The paper discusses rather reports about impact of ApoE alleles on other cancer entities, and Alzheimers

 

The following conclusions are hard to accept:

Conclusions

ApoE ε2/ε4 and ε3/ε4 were found to play a significant role in LSCC development, while ApoE ε3/ε3 may have a protection position in LSCC development.

The frequency of ApoE ε2/ε4 and ε3/ε4 were reported to be lower in LSCC compared to Controls (but not significant !), whereas ApoE ε3/ε3 is significantly increased in frequency (this means, poses a risk for development of LSCC!).  As the frequency of ε4 carriers is lower in LSCC, there must be a protective role of ε4 for developing LSCC! It is difficult to understand how such a sentence came into the paper able to destroy an otherwise good report. Lower frequencies compared to controls should always reflect a protective effect for developing the disease, and obviously the reduced frequencies of ε4 carriers in line with improved outcome of ε4 carriers (according to your Kaplan-Meier plot at least up to three years, if yellow, blue and orange are combined) are indicating that both a reduced odds ratio and a (not significant, but numerical) reduced hazard ratio are found. Therefore, your study's results argue for protective effects of ε4 in LSCC. Please do not destroy your very welcome contribution to the field by failing to draw the appropriate conclusions!
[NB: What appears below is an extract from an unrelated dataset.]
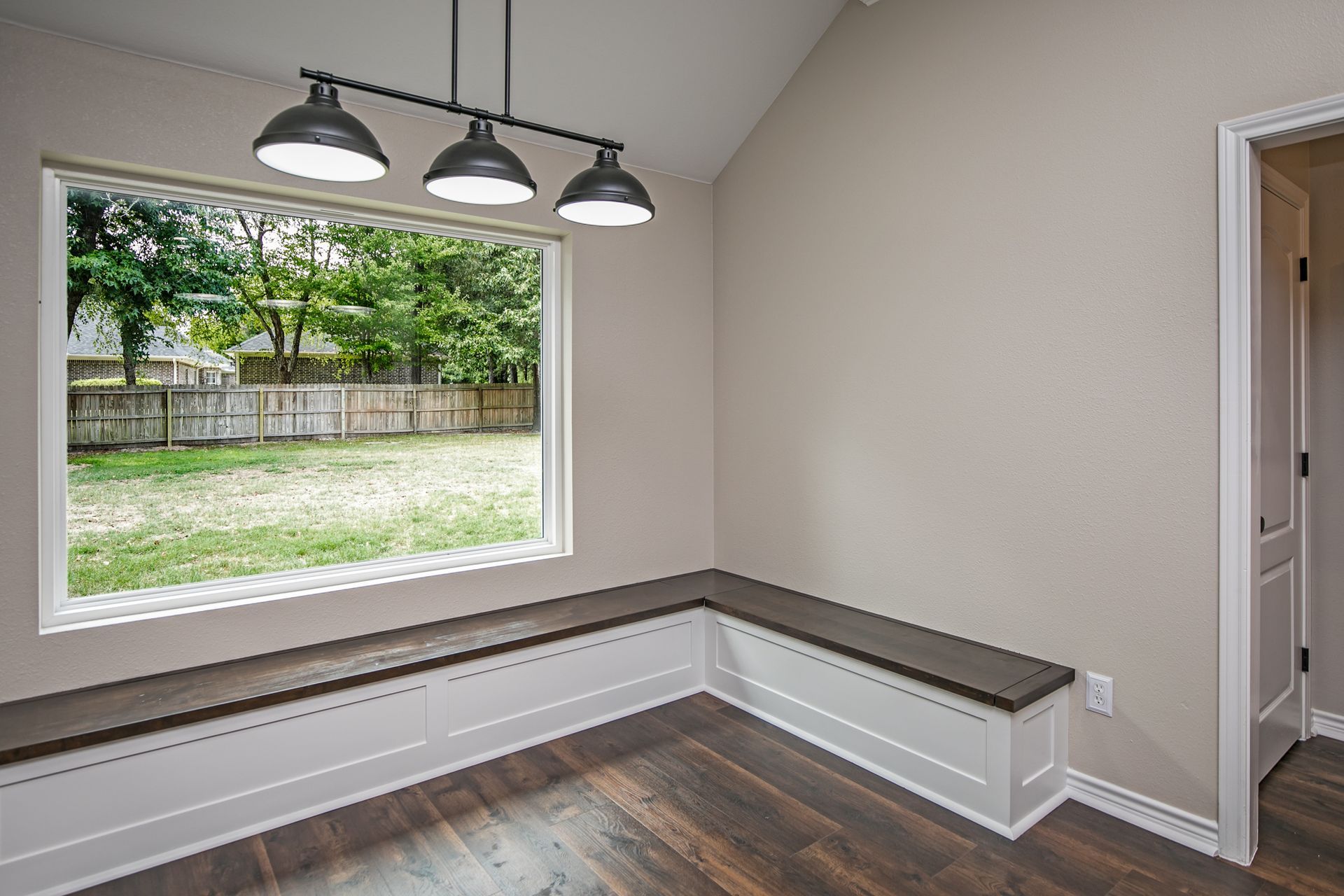 An empty room with a large window and a bench in front of it.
This, however, means major revision taking into account the above made suggestions should substantially improve the paper and potentially will make it acceptable for publication. 

 

 

 

Author Response

Thank you very much for your positive evaluation of our study.

Author Response File: Author Response.pdf

Round 2

Reviewer 2 Report

Many thanks for revising the paper appropriately. There are only a few orthographic mistakes remaining that could be quickly corrected while preparing the files proofs. The paper is now acceptable for publication.